5 Facts about Helen Keller
24th April 2019
Helen Keller – An Inspirational Woman
An American educator who overcame the difficulties of being deafblind during the 1880’s.
1. Helen was deafblind
Helen was born in 1880 and at the age of 19 months old, Helen Keller was stricken with an unknown illness that left her deafblind. As Helen grew she became reckless and wild.
2. Helen believed her life started at 7 years old
When Helen was seven years old, her parents hired a teacher, Anne Sullivan who was a graduate from the Perkins School for the Blind. Helen believes this is when her life properly started because at seven years old she was introduced to the world of language by Anne Sullivan. Anne taught Helen that objects have names, and how to use her fingers to spell them. The first word Helen learnt was Water. Which she learnt because Anne put one of Helen’s hands under a water pump and with the other hand she spelt w-a-t-e-r. Eventually, Helen learnt to communicate in sign language and to read and write in Braille, to touch – lip read and to speak.
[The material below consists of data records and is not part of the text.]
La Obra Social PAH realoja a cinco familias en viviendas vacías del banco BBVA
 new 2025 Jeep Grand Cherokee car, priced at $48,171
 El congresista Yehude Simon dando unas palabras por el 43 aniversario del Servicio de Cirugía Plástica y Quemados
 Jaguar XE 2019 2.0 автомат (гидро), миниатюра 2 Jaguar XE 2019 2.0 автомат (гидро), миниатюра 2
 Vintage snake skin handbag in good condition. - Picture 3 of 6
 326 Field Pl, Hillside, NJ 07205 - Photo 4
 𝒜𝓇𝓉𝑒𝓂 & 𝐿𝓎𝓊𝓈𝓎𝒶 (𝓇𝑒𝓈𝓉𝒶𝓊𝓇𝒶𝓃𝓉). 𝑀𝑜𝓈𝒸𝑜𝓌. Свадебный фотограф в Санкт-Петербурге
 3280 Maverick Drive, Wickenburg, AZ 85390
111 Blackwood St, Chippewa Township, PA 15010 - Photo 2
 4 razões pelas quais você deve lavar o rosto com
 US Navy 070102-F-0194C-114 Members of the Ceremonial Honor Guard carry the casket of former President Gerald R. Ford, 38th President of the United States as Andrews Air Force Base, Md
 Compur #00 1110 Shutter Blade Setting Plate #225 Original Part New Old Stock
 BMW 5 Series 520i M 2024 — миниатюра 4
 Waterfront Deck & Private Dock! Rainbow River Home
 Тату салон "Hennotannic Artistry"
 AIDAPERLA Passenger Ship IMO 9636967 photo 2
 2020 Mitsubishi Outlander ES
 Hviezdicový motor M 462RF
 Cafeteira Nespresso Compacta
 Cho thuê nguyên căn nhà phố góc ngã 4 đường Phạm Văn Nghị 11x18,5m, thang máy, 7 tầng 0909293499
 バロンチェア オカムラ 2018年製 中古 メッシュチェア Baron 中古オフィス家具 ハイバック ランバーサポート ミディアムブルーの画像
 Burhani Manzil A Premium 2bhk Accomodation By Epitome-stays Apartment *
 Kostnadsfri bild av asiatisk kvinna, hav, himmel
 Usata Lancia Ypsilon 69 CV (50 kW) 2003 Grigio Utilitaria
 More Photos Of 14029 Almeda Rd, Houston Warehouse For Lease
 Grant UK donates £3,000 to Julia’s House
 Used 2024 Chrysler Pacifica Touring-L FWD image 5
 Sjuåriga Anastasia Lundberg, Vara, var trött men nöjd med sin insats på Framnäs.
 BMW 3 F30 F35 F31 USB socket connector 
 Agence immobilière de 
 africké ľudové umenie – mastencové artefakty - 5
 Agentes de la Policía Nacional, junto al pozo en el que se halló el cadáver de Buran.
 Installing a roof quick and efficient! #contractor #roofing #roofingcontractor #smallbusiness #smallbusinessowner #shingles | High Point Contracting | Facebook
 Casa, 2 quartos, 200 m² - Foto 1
3. She was the first deafblind person to graduate
Not only did Helen have the challenge of being deafblind while studying at college. This was also a time where there wasn’t many women attending college. Helen was the first deafblind person in the world to graduate from college. She did this alongside her teacher Anne Sulivan who would interpret and write for her.
4. Helen was very political and had radical ideas for the time
Helen is recognised as a serious political thinker who made important contributions. She was a socialist and wanted to make a difference to workers rights. She also worked hard as an advocate for women’s rights. Furthermore, during 1946 Helen assisted with the formation of a special service for deafblind people due to her interest in the welfare of people who were deafblind like herself.
5. She was an author and speaker all over the world
Helen Keller saw herself as being an author first, above all else. Over her life she published 14 book and 500 articles. It was through the written word she wanted to communicate to the world. Alongside the writing, Helen travelled the world to make speeches and meet people. During seven trips between 1946 and 1957, she visited 35 countries over five continents. Meeting world leaders, for example Winston Churchill.